The circular loop starts at 0 m.p.h. and doesn’t stop for about 180 degrees until it reaches 140 m.p.h.
This is not an economy car. Nor is it the industry mileage champ or even a runner-up.
It’s the Taurus SHO, the muscle-bulging performance version of the Ford family sedan, with power supplied sumo-style, thanks to Yamaha of Japan and its 3-liter, 24-valve, 220-horsepower V-6 under the hood. Japan bashing only goes so far at Ford-obviously until it reaches 220 horsepower.
While only a five-speed manual is offered now, reportedly a four-speed automatic will become available this fall for the 1993 model year, which will make SHO available to the masses. The five-speed manual is a smooth-shifting unit when a dry and open road stares you in the windshield. The five-speed is far less balky than in the past, thanks to the switch to a solid rod from the prior cable-shifting mechanism.
Yet while SHO was built for go, we found ourselves on the expressway with the needle pointing at 10 m.p.h.-130 m.p.h. short of Utopia.
The weather was lousy, the roads covered with a thin layer of snow.
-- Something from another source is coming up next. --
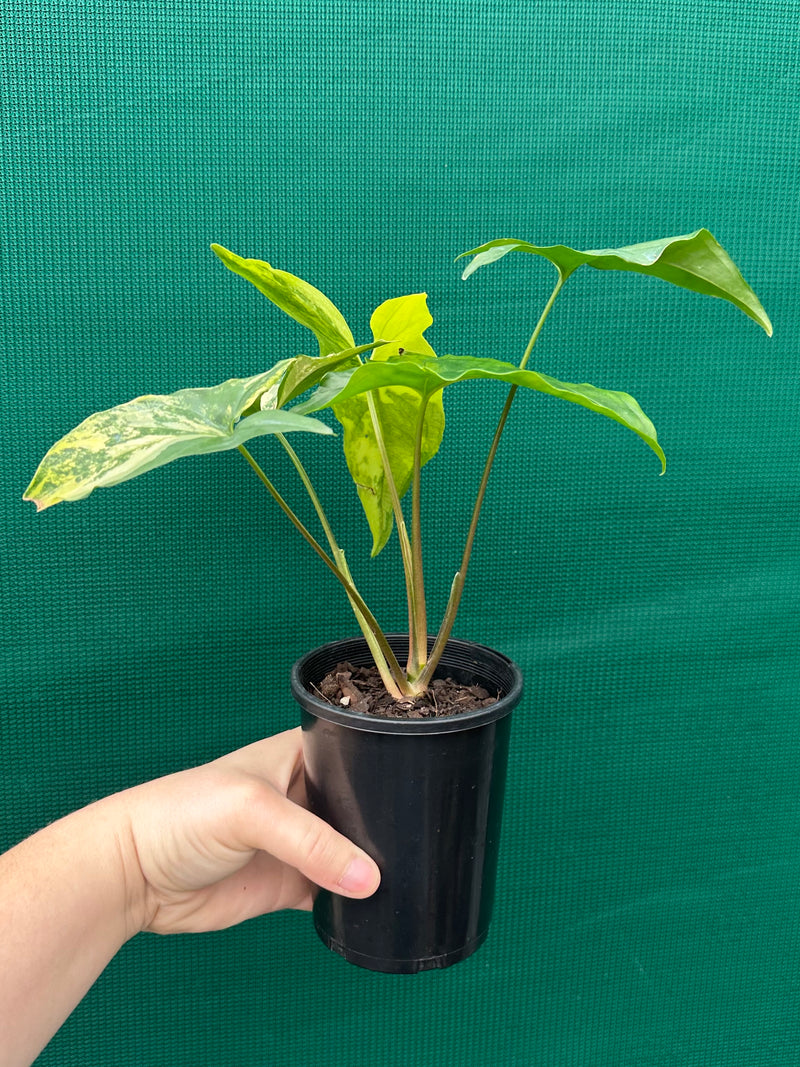 Syngonium ‘Fantasy Aurea’ NEW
On this day, SHO is for slow.
A 140-m.p.h., 24-valve, 220-horsepower, V-6-powered car makes little sense in a 10-m.p.h. rush-hour crowd. The power potential meant little to the drab Plymouth Reliant merging at Dempster Street directly in front of the muscular Ford.
SHO’s redeeming grace is that it’s a Taurus, a roomy, comfortable, freshly styled for 1992 midsize sedan with above-average ride and more-than- respectable handling.
The SHO first appeared in 1989 as the high-performance version of Taurus. The criticism since then has been that SHO looked just like the regular Taurus, unlike the SSE performance version of the Bonneville sedan at Pontiac, which was decidedly different in appearance.
For ’92 the Taurus was restyled, and that gave Ford a chance to give SHO a bit different look from the normal sedan. SHO now sports special color-keyed bodyside and rocker-panel moldings, flared mud spats, a different grille with integrated fog lamps, a different rear bumper and 16-inch aluminum wheels.
To improve ride and handling, the suspension was retuned and now incorporates stiffer springs and larger-diameter stabilizer bars. The larger 16-inch tires and nitrogen-gas-pressurized front and rear shocks complement the package.
For safety, SHO offers four-wheel disc brakes with antilock. A driver- side air bag is standard, a passenger-side bag is optional ($488). With ABS and the air bags, you don’t have to hide SHO in the garage when snow starts falling, though you don’t deliberately set out for a 300-mile journey behind its wheel if you don’t have to.
The SHO starts at $23,772. Options include $491 for a digital disc player.